Limitation of opportunity and free choice implies lack of liberty. Man is controlled by his environment, and he alters the actions of others even if he thinks that he is simply determining his own. Therefore the realization of free choice is naturally inhibited. On the national level, the balance between population and resources becomes more delicate; state planning and control is necessary; individual freedom is inhibited and, politically, can only be expressed within the prevailing representative system.

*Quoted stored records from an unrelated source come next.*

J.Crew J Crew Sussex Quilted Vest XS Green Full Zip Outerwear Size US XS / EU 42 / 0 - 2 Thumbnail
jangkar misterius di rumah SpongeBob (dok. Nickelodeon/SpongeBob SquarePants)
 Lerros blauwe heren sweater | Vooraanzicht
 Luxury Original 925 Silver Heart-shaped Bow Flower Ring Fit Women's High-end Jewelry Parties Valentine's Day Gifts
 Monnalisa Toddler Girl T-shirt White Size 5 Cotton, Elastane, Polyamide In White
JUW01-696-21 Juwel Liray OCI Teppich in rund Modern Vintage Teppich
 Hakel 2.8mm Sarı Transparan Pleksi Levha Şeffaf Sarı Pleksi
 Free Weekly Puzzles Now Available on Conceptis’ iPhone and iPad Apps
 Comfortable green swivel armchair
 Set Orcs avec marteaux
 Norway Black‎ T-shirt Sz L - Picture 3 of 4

As political control becomes more intense, intellectual liberties may be curtailed by censorship and the banning of meetings, books and the right of association. Conflicting group interests may result in tyranny by either the majority or a minority. Moral and religious freedom may be inhibited by law or by social taboo. Freedom of movement and employment will be reduced and the ability to make the best use of available opportunities will be inhibited by unequal distribution of state services, education, health, housing. Freedom of ownership and the freedom to do as one chooses with one's possessions will be restricted according to the prevailing ideology concerning materials and resources and the interaction of materials and resources, such as the air polluting effect of car exhaust fumes. Extreme forms of the negation of liberty include slavery, concubinage, and legalized discrimination such as apartheid.
Lack of individual liberty has been recognized by philosophers throughout the centuries, usually on the basis that a certain amount of curtailment of individual freedom is necessary for society to function, but that it should not be excessive.